В мозгу Казорина ещё не сошёл нагар от долгого разговора в кабинете первого секретаря окружкома партии. Вместо Гулина за секретарским столом сидел капитан Медведев, очкастый начальник райотдела ГБ, и ел его двояковыпуклыми глазами. В районе Медведев был знаменит своей беспощадной бдительностью. В позапрошлом тире́ прошлом 1941–1942 году он разоблачил две туземные контрреволюционные банды, сконцентрированные в двух стойбищах на Ямале – Салиндера Тявака и Яптика Сатока. Помог ему в этом Езанги Манс, нынешний председатель колхоза «Красный октябрь». Непонятно, правда, «банды» были бандами или нет, но в отчётах именовались так. Ходили слухи, Казорин знал, что тщедушный Езанги Манс сам пришёл в райотдел ГБ и пожаловался на Салиндера Тявака, забравшего за долги его оленей и чум. То же, но годом позже, произошло с Яптиком Сатоком, Езанги у него числился в должниках. Езанги прирос оленями и должностью колхозного председателя, а Медведев из старшего лейтенанта за особые заслуги перед народом пророс в капитаны.

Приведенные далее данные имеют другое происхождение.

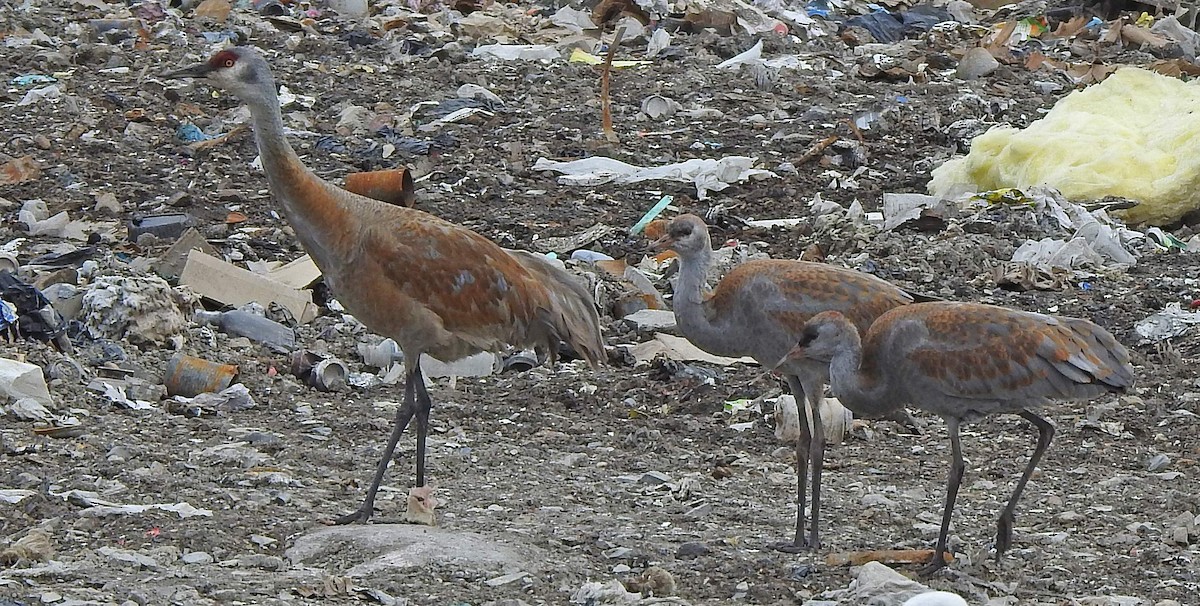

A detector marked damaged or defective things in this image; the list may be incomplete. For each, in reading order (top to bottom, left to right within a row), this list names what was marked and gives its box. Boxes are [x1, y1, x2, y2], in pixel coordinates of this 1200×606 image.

rusty metal can [343, 168, 417, 207]
rusty metal can [165, 355, 237, 396]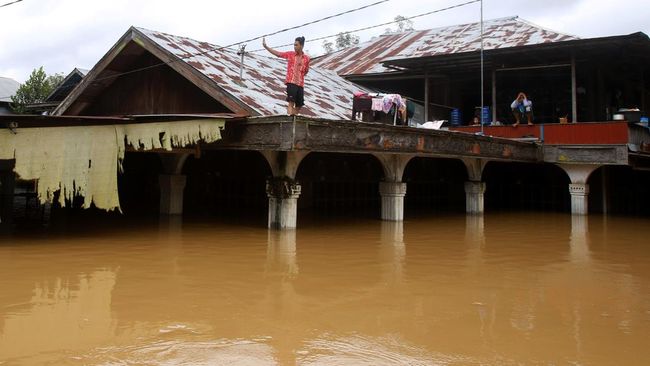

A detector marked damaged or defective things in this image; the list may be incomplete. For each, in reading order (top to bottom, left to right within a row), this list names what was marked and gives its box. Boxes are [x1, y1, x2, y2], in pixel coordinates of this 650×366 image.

rusty roof panel [137, 29, 364, 120]
rusty roof panel [312, 16, 576, 75]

«Это заговор, – говорил Медведев, блестя очками. – Так у них всегда начинается, с мелочей. Я на этих их мелочах печень собачью съел. Вы говорите „может быть, забыли отдать“, а я вам заявляю, что нет, не забыли они отдать. Они только с виду простодушные. Приглядишься к ним – хитрожопее не бывает. Вот пример. – Он привёл пример. Таких примеров Казорин слышал немало. На совещаниях по вопросам бдительности и в таких вот разговорах, как этот. – Я вам всего сейчас сказать не могу, оперативная ситуация не позволяет, но есть сведения, что в самое ближайшее время нужно ждать активизации повстанческих банд. Мандалада, это вы знаете, создана по заданию германских разведывательных органов для руководства туземным повстанческим населением. Есть сведения, – очкастый майор прищурился, как близорукий щурёнок из щучьей школы в Щучьереченской тундре, – что в районе Обской губы действует фашистская подводная лодка. А возможно, и не одна. Понимаете, чем это опасно?» – «Понимаю», – кивал Казорин. «А толку, что понимаете? Понимать мало, действовать надо».
Словно прочитав его мысли, в дверь толкнулся одноногий Калягин.
– Илья Николаевич! – Калягин вытер ладонью пот с горящего лба.
Сердце у Казорина ухнуло в провал преисподней.
– Что ещё? – спросил он голосом приговорённого к высшей мере.
– Нашлись костюмы, зря мы на туземцев грешили.
– Как нашлись? Какие костюмы? – Ему трудно было переключиться с мысленного разговора на внешний.
– Ну те самые, которые считались украденными. Это наш мухомор убрал их в свой балаган, когда туземцы после праздника уезжали. А сегодня он в музейном наряде ходил по городу. Он, вообще-то, того, с приветом. Говорит, что забыл отдать. Возможно, не врёт.
– «Возможно, не врёт»… Вот жалеешь таких калеченых, а они тебя же под монастырь. Он что, ненец, если костюм напялил?
– Якут вроде. А костюм надел, так ведь это… свой-то, может, поизносился.
– Ладно, пусть следствие разбирается. Степан Дмитриевич, я пришлю людей вам помочь. Мусор вынести, ну и… собраться.
– Нет, не надо, я уж сам как-нибудь. Виктор Львович мне, вон, поможет. Виктор Львович, поможете?